Introduction

This is the year of a new generation of 3D cards. The 'net is swarming with every kind of discussion, review, and preview for the new technology. With the advancements in 3D rendering there have come a lot of new effects like bump-mapping, anisotropic filtering, and others which most cards will support. There is a difference though, between the two main cards which are sure to dominate. Voodoo3 and TNT2 fans have been debating the merits of the 16/22 VS 24/32 bit output, and the support for 256*256 VS 2048*2048 large textures.

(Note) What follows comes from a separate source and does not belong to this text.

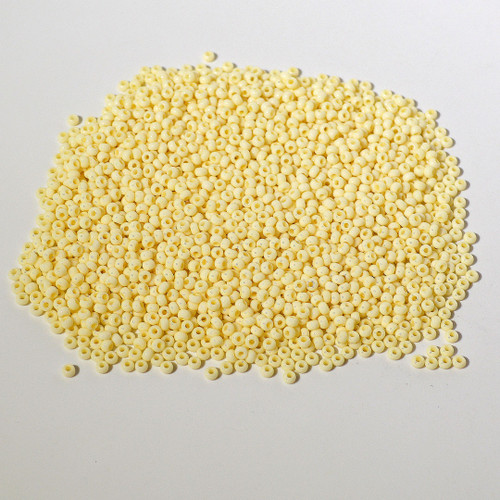 8/0 Seed Bead | Bone Solgel | 50 gram bag 8/0 Seed Bead | Bone Solgel | 50 gram bag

I've been thinking a lot about the last discussion, and I wanted to see with my own eyes what the difference was between 256*256 and 2048*2048, and what S3TC (S3 Texture Compression) and Vector Quantization Texture Compression were. To test these things, I used Quake III Arena as a reference point. I have had the test running here for a while now (Linux) and I’m sure many of you are now playing the Windows version. Quake III Arena (Q3A) uses textures up to 512*512*24.

What is a Texture?

So what is a texture? When you see bricks on the wall in a 3D game, this does not mean the game has actually built it up with bricks. What happens instead is that the game environment is made up of large blocks call polygons. If one polygon must be a brick wall, an artist will make an image with bricks to be place/projected onto the surface. In the end this makes the polygon look as if it is composed of bricks. Now why do we want large textures? Well, the image quality is so much better when you work with large textures. Later on I will describe what I have done to illustrate this.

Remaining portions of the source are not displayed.